*** Opening of RECORDS FOR PROCESSING ***

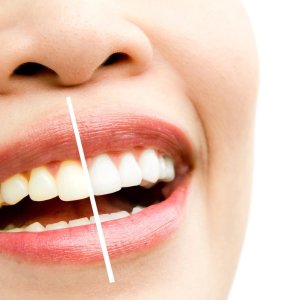 Teeth whitening at discounted rates – limited time in ahmedabad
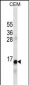 INS Antibody (Ascites)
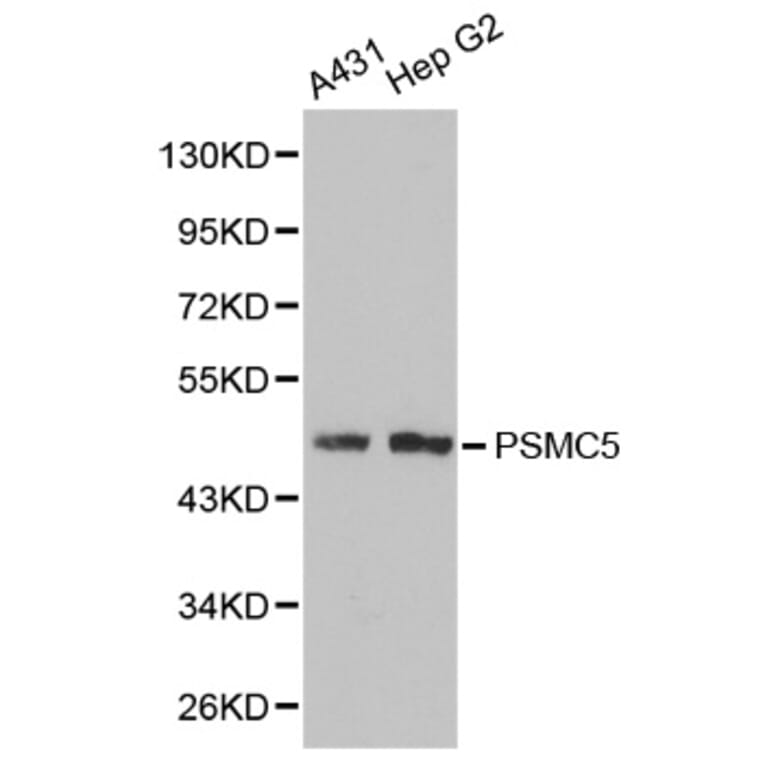 Western blot - PSMC5 Antibody from Signalway Antibody (32302) - Antibodies.com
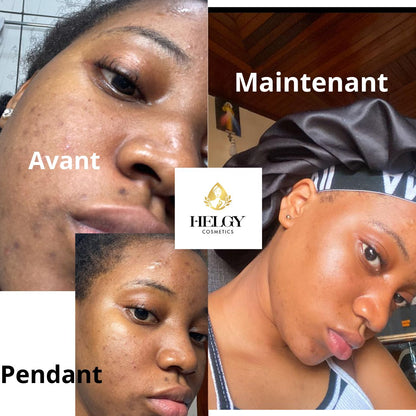 Gamme Visage Anti-Hyperpigmentation – Helgy COSMETICS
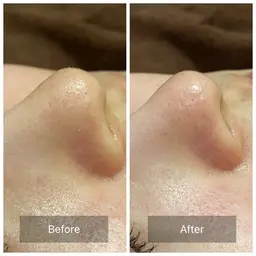 ハイドラフェイシャル　お試し　鼻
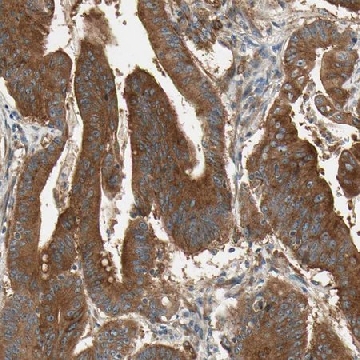 Anti-ROCK2 antibody produced in rabbit，100UL，HPA007459-100UL，Sigma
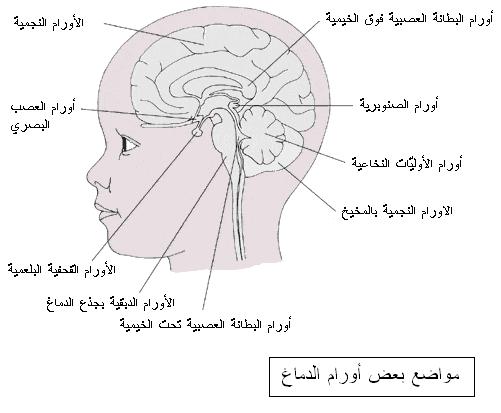 أنواع أورام الدماغ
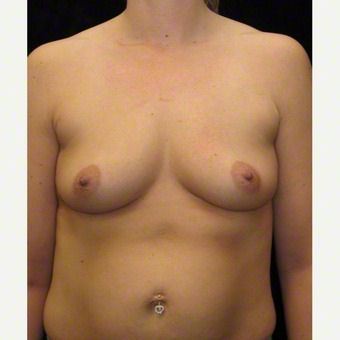 34 year old woman treated with Breast Augmentation before 3103653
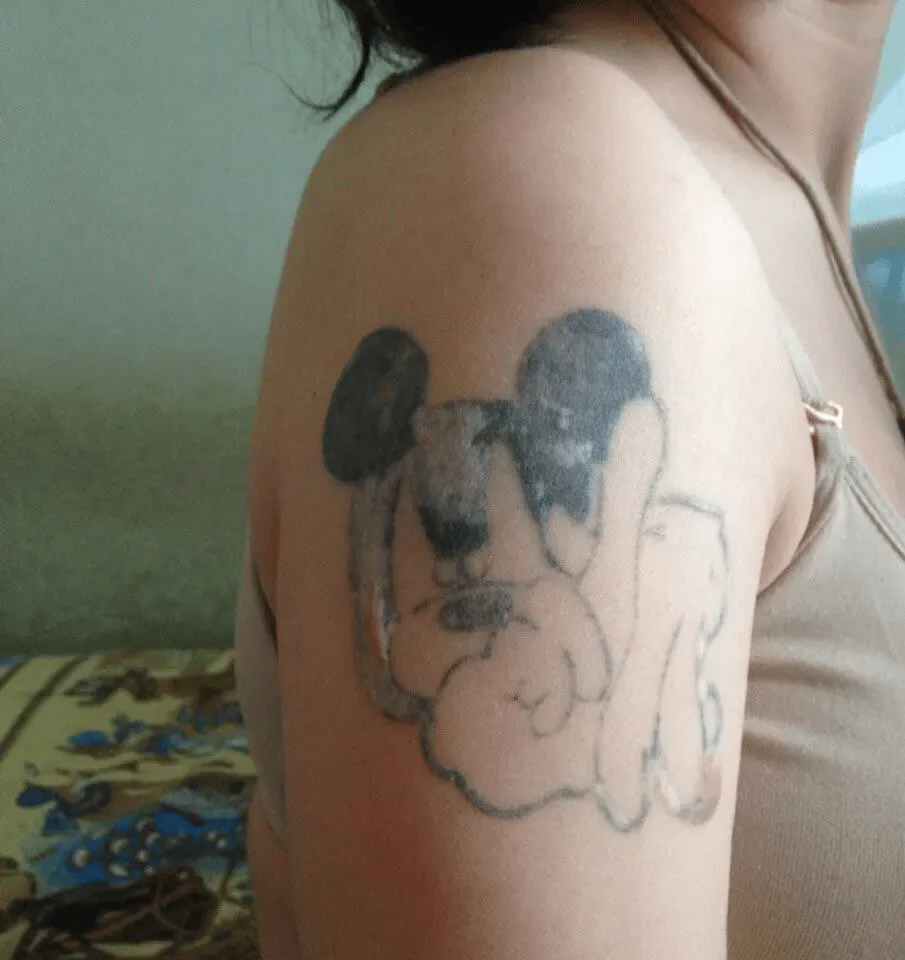 How to remove a tattoo at home? The truth about DIY methods — What do you get after this kind of “home tattoo removal”?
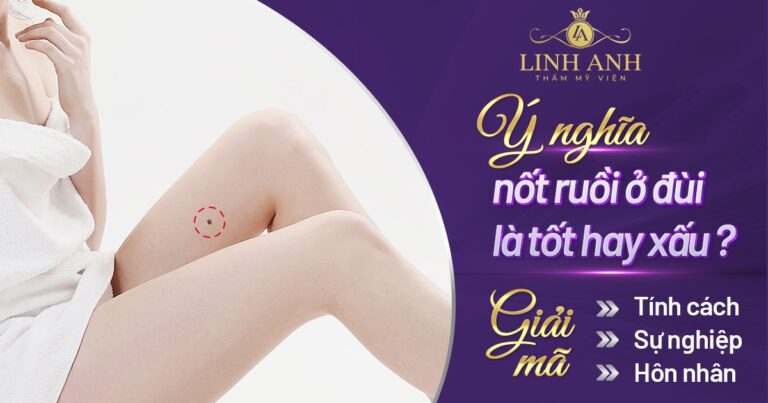 Ý nghĩa nốt ruồi ở đùi nam và nữ là tốt hay xấu?
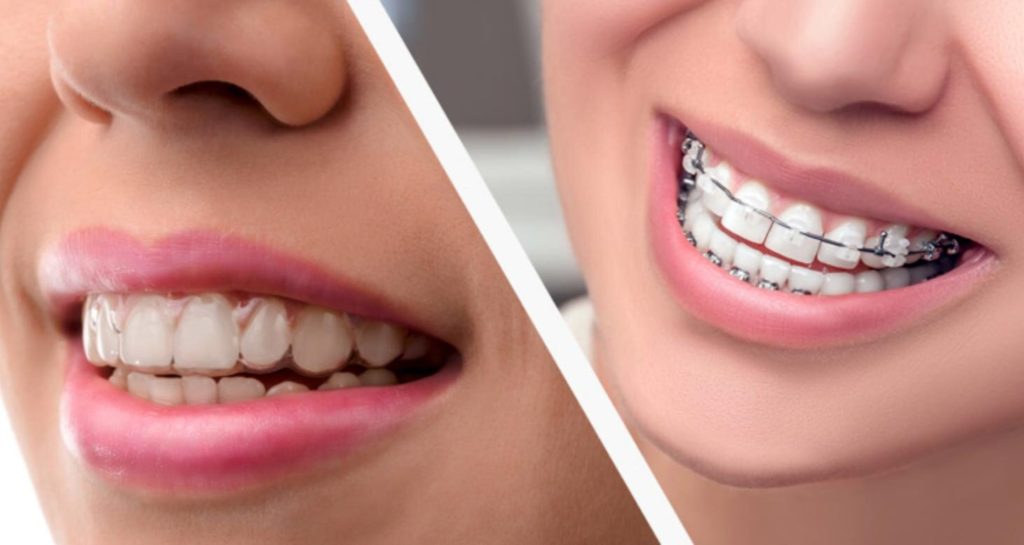 dental aligners Archives | South Shore Orthodontics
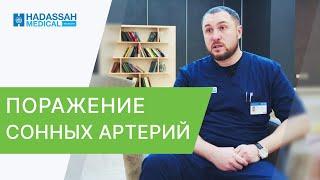  Лечение атеросклероза сонных артерий - какие методы? Лечение атеросклероза сонных артерий. 12+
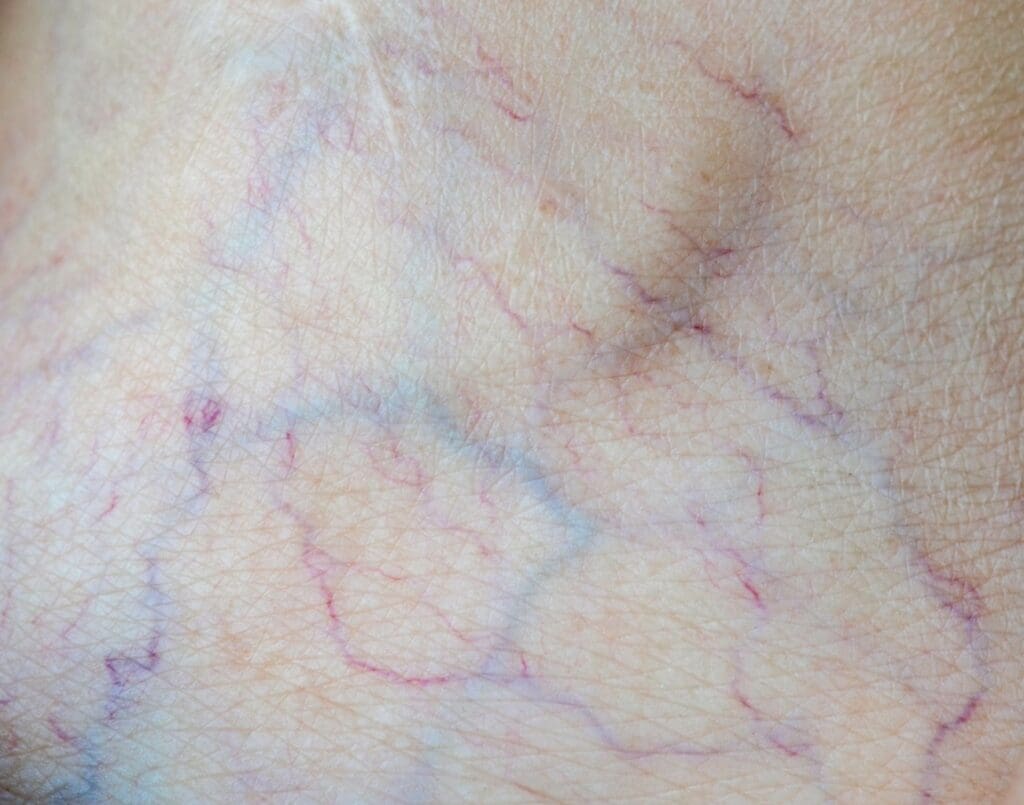 A close-up view of an arteriovenous malformation (AVM) on the skin A close-up view of an arteriovenous malformation (AVM) on the skin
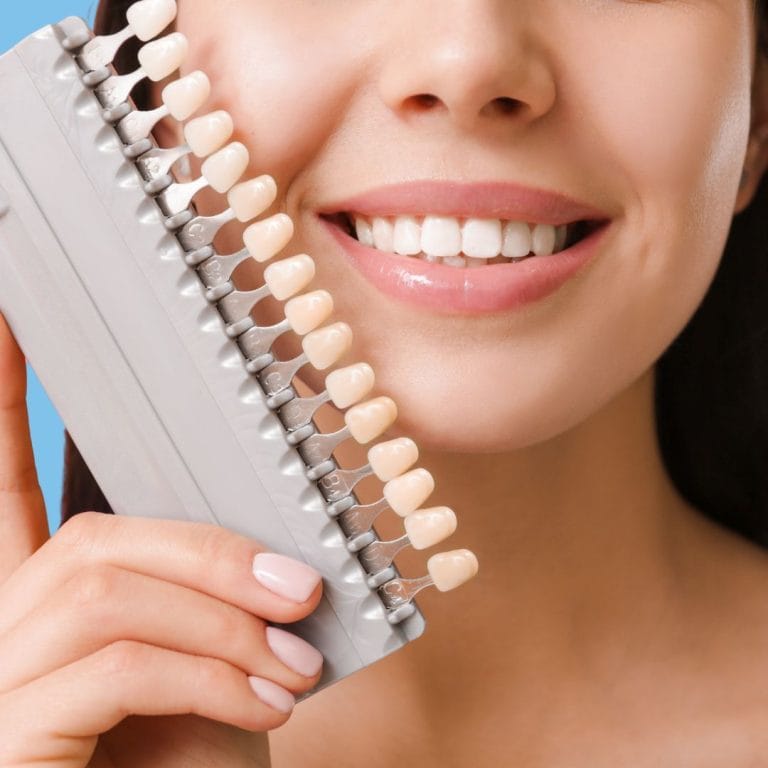 che cosa sono le faccette dentali che cosa sono le faccette dentali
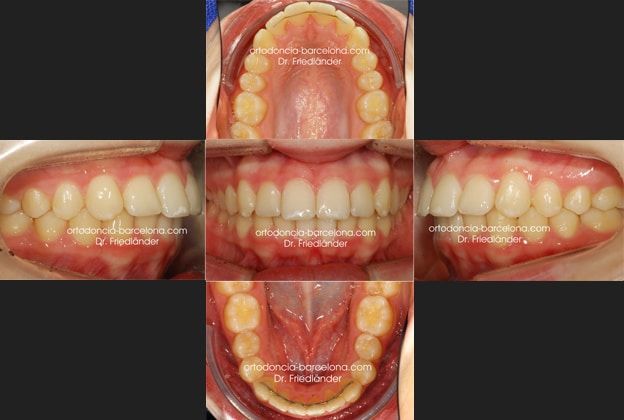 Ortodoncia Friedlander Barcelona Invisalign Lingual invisible transparente incognito win (2)
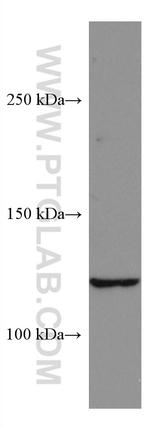 SERCA2/ATP2A2 Antibody in Western Blot (WB)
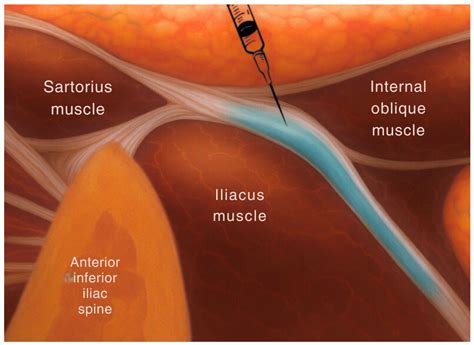 Supra Inguinal Fascia Iliac Versus PENG Block for Post-Operative Pain ...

*** Close of RECORDS FOR PROCESSING ***

WORK ORDER: Starting at the first line of the listing above, write out each line exactly and nothing else until you reach the line containing "che cosa sono le faccette dentali che", which is included as well; omit all pictures.

ANSWER:
 Teeth whitening at discounted rates – limited time in ahmedabad
 INS Antibody (Ascites)
 Western blot - PSMC5 Antibody from Signalway Antibody (32302) - Antibodies.com
 Gamme Visage Anti-Hyperpigmentation – Helgy COSMETICS
 ハイドラフェイシャル　お試し　鼻
 Anti-ROCK2 antibody produced in rabbit，100UL，HPA007459-100UL，Sigma
 أنواع أورام الدماغ
 34 year old woman treated with Breast Augmentation before 3103653
 How to remove a tattoo at home? The truth about DIY methods — What do you get after this kind of “home tattoo removal”?
 Ý nghĩa nốt ruồi ở đùi nam và nữ là tốt hay xấu?
 dental aligners Archives | South Shore Orthodontics
  Лечение атеросклероза сонных артерий - какие методы? Лечение атеросклероза сонных артерий. 12+
 A close-up view of an arteriovenous malformation (AVM) on the skin A close-up view of an arteriovenous malformation (AVM) on the skin
 che cosa sono le faccette dentali che cosa sono le faccette dentali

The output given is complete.